* **TASK DETAILS**
Nothing in the data is to be left out; copy it exactly.

* **GIVEN INFORMATION**
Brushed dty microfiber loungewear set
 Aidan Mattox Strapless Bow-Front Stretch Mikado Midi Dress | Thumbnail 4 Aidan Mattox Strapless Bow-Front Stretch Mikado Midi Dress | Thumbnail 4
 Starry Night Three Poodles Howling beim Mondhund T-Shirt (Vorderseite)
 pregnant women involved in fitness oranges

* **SOLUTION TO THIS TASK**
Brushed dty microfiber loungewear set
 Aidan Mattox Strapless Bow-Front Stretch Mikado Midi Dress | Thumbnail 4 Aidan Mattox Strapless Bow-Front Stretch Mikado Midi Dress | Thumbnail 4
 Starry Night Three Poodles Howling beim Mondhund T-Shirt (Vorderseite)
 pregnant women involved in fitness oranges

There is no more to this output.